16S rRNA amplicon preparation, sequencing, and analysis
DNA libraries for next-generation sequencing were constructed using two primer sets that amplify selectively the corresponding hypervariable regions of the 16s region in bacteria (V2, 3, 4, 6, 7, 8, 9). We used for amplification primers that contain adaptors for Ion Torrent sequencing and Ion Xpress barcodes so that the polymerase chain reaction (PCR) products could be pooled and sequenced directly. For the library preparation, the end repair was followed by purification of pooled amplicons with AMPure beads, ligation of Ion Xpress barcode adapters and nick-repair, using Ion Plus Fragment Library kit (Life Technologies Corporation, Carlsbad, CA, USA). Purification steps were performed using AMPure beads (Agencourt), eluted in low Tris- ethylenediaminetetraacetic acid (TE) buffer, and quantified by using a Qubit dsDNA HS (high sensitivity) kit (Life Technologies Corporation, Carlsbad, CA, USA). The library concentration was determined using the Ion Universal Library Quantification kit (Life Technologies Corporation, Carlsbad, CA, USA) in an ABI7500 real-time PCR system. The two resulting PCR libraries were equimolarly pooled after DNA purification.

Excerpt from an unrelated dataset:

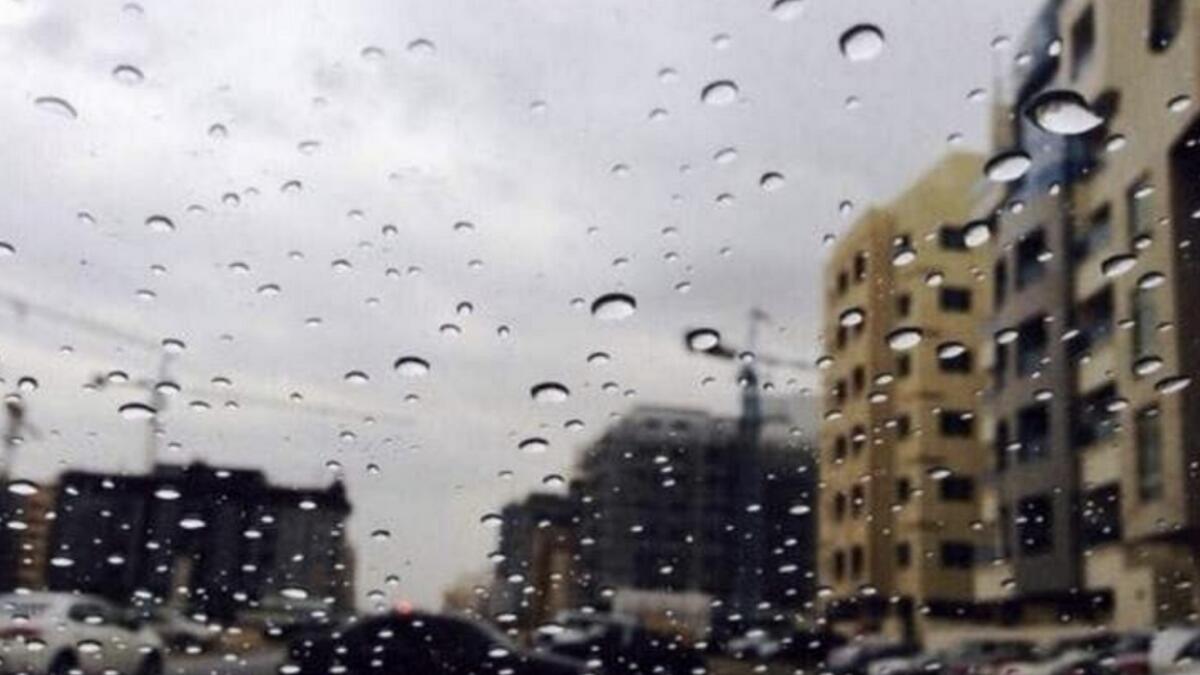 UAE skies to remain cloudy, NCM forecasts rains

Template preparation and sequencing
Before emulsion PCR, the library concentration was adjusted to 26 pM. Template preparation was performed in the Ion 400 Template One-Touch 2 following enrichment of the amplified Ion Sphere Particles using Dynalbeads MyOne Streptavidin C1 beads (Life Technologies Corporation, Carlsbad, CA, USA) using the Ion One-Touch ES system according to the manufacturer’s protocol.

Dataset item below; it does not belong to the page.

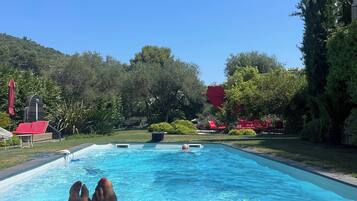 Piscine extérieure (ouverte en saison)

The Ion Xpress barcoded library was sequenced through PGM, Ion Torrent (Life Technologies Corporation, Carlsbad, CA, USA). A total of 10 barcoded samples were pooled and loaded into each 316 chip (Life Technologies, MA, USA) using the Ion PGM 400 Sequencing kit (Life Technologies Corporation, Carlsbad, CA, USA), according to the recommended protocol.
16s rRNA sequence data preprocessing
Base calling and run demultiplexing were performed by using Torrent Server software. The sequences were analyzed using the metagenomics workflow in the Ion Reporter™ Software that enables the identification of microbes present in complex multi-bacterial samples, at the genus or species level, and uses both the curated Greengenes database and the premium curated MicroSEQ™ ID 16S rRNA reference database.
Sequencing of the ten human nasopharyngeal samples on the Ion Torrent PGM instrument generated 1.791.402 total raw reads. We utilized the Ion Reporter software to process the raw reads, which performs demultiplexing and denoising, quality filtering, alignment against a reference database of 16SrRNA gene sequences and clustering into operational taxonomic units (OTUs) at 97 % similarity. OTUs were assigned taxonomy using the Greengenes database and analysis was performed using Quantitative Insights into Microbial Ecology (QIIME).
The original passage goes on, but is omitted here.